Improving by 1%

Coral Gables Counseling Center - Wednesday, April 10, 2019
By Emy Fernandez, MBA, Life Coach

Life and Heath Coach

Most of us look forward to the future wondering what changes we can make today – to improve what is to come, whether it be health, security, finances, careers, relationships, and so on….

So, we get gym memberships, we get life insurances, we save for retirement, we set goals, we look for promotions or career change opportunities, we swipe for dates or we schedule “date nights,” we look for work/life balance. Whew!!

Although these are all good steps towards creating a better future…it’s all very exhausting. Also, it leaves us wondering “where do I begin and when does it all end?”
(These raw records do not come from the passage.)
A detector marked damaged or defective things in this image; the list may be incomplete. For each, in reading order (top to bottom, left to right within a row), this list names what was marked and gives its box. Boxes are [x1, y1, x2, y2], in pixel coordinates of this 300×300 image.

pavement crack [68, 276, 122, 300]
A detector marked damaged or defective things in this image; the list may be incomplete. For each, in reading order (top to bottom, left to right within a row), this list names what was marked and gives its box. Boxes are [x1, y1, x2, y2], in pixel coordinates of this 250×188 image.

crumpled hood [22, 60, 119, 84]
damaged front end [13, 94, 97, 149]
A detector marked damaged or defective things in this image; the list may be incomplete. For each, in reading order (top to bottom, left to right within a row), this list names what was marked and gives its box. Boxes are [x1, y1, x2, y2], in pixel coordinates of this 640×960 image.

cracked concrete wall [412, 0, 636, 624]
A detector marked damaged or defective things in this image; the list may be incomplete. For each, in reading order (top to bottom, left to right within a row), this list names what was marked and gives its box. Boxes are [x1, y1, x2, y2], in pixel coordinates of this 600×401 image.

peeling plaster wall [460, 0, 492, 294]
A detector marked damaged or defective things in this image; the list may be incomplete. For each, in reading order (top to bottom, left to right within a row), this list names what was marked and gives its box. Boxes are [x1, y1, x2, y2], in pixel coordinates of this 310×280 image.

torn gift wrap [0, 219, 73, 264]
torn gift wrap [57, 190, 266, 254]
The problem I see as a Life Coach is that we try to do it all at one time. Initially, we are all very motivated until we’re not. But what if we decided to take one step today towards our health and instead of getting a gym membership we gave ourselves permission to take a 10 or 20 minute walk and tomorrow increase it by another 5 or 10 minutes? Then in six months – after consistent movement and time increase – we can consider a gym membership. The likelihood of us actually going to the gym and exercising regularly after consistent movement for six months will increase exponentially. As Richard Clear says in his book, Atomic Habits, “…improving by 1 percent isn’t particularly notable – sometimes it isn’t even noticeable – but it can be far more meaningful, especially in the long run.”
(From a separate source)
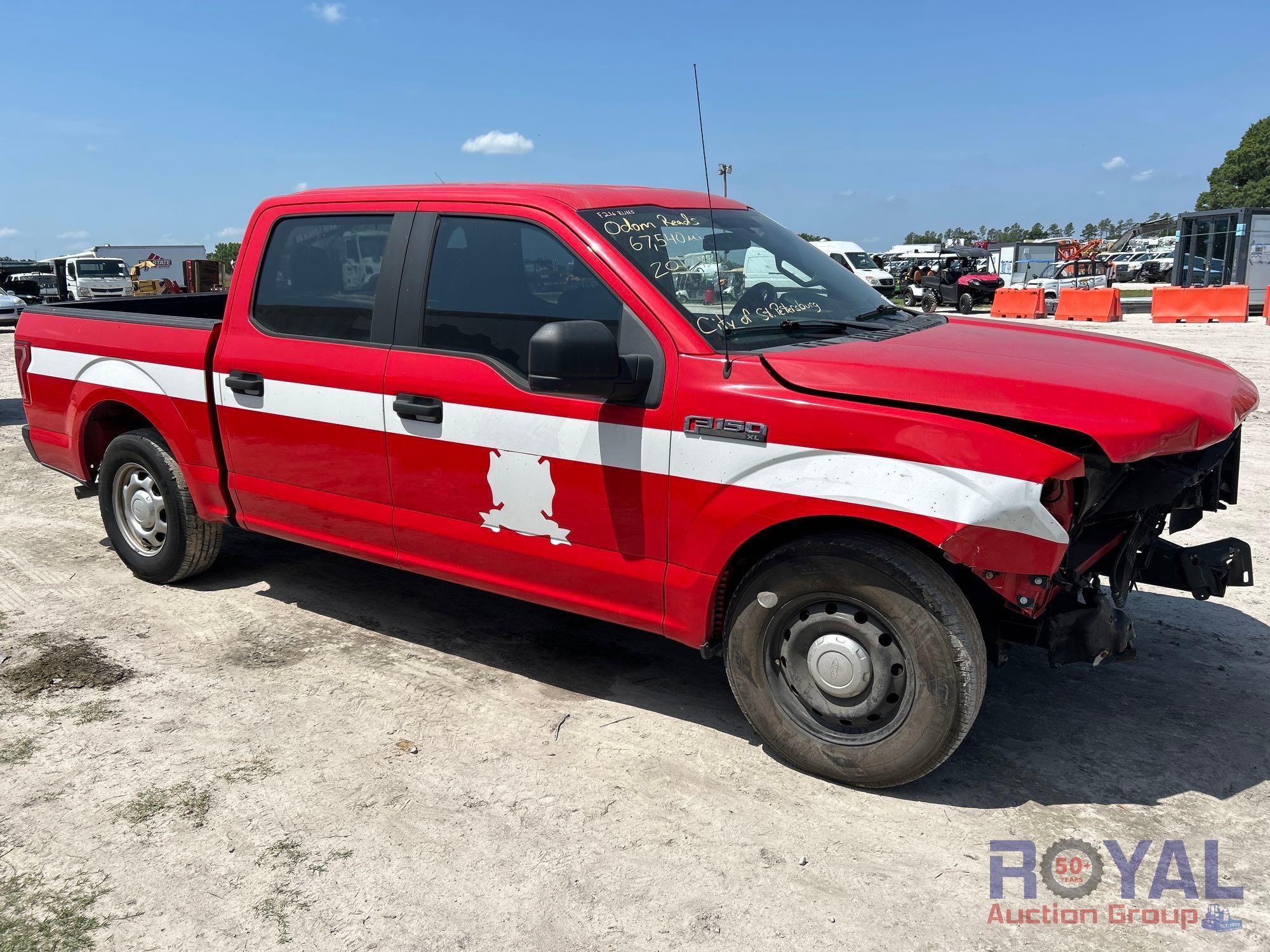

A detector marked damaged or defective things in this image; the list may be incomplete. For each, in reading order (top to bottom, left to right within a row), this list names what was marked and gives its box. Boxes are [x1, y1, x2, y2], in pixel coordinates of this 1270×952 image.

cracked hood [762, 317, 1260, 462]
damaged front end [991, 429, 1250, 665]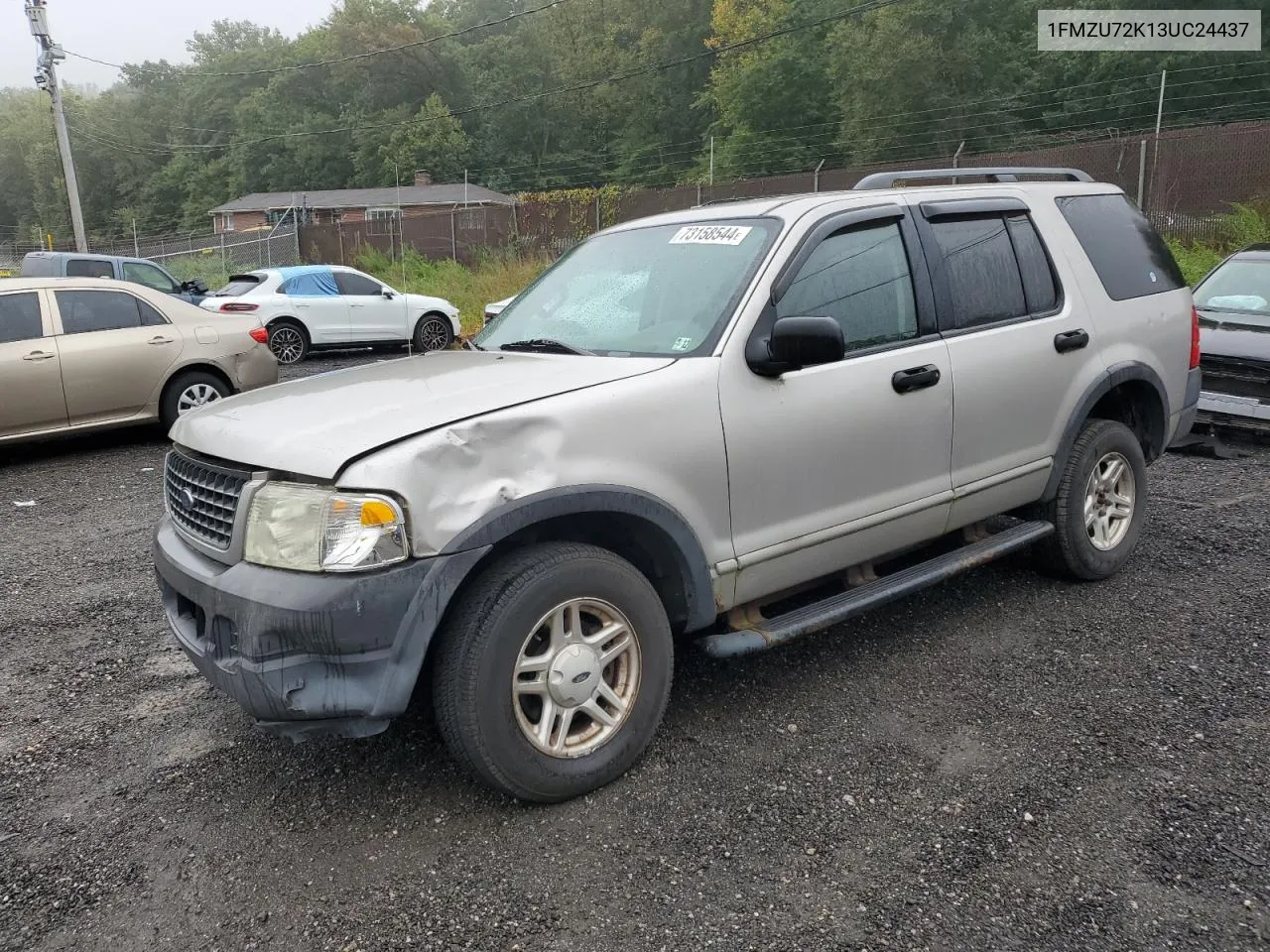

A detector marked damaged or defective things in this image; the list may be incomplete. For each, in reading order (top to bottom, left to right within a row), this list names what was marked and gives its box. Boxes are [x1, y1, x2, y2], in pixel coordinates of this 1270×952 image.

crumpled hood [174, 352, 681, 479]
I have clients that come in wanting to lose weight but also organize their home, and find work/life balance all at the same time. Can we do all three at the same time? Sure. But it won’t be sustainable. Within 2 weeks the home is a mess again; within a month, the stress of trying to balance work and life has duplicated; and in 2 months, they’ve already gained back the weight they lost.

What if instead, we choose one goal at a time? For example, let’s start with organizing the home. We could probably reach this goal in a weekend. But 2 to 3 weeks later the house is a mess again and we’re back where we started. Instead, consider starting with the master closet this weekend, and moving on to another part of the house the following weekend. This will be much easier than trying to take on the whole house at one time.

Additionally, as we make these smaller changes on the path to reach our goal, we also have to process our habits. What small changes can we make to our habits in order to create long lasting change? For example, let’s change the habit of throwing the shoes in the closet or leaving them by the door. Instead, we can go straight to the closet and put them in their place. If we don’t make changes to our habits too, as Clear says, “Achieving a goal is only a momentary change.”

In following the example above – once our client reached her goal of organizing her home, we can then move on to her goal of work/life balance and then weight loss. However, the goal is just the destination – not the path. The path or actual action items to reach our goal is what ultimately matters. As Clear says, we can accomplish tasks whether we have goals or not as long as we have action steps. The goals are just the end result. So focus on the action steps or “system” instead of the goals by following the same steps outlined above: 1) define the goal (or end result); 2) create the system (or action steps) to reach your goal; 3) and make changes in your habits so all the work you put in to reach your goal is long lasting.

We tend to set big, once in a lifetime transformational goals, but it’s the daily steps and actions we take that help us get to our transformation.

In closing, you may be thinking I’m making it sound as if changing our bad habits into good long lasting ones is a little 3-step process. It isn’t. It takes focus and being present in the moment to make changes in our habits long lasting. It’s important we know and understand what the bad habits are so we can recognize them. Sometimes it takes accountability or a change in our environment and other times it takes actually eliminating cues in our environment that trigger the return of our bad habits. And, knowing that we may fail – and if we do – that we learn from our failure, make our tweaks and start over again..

What long lasting goal do you want to reach?
What small steps can you take now to begin moving towards your goal?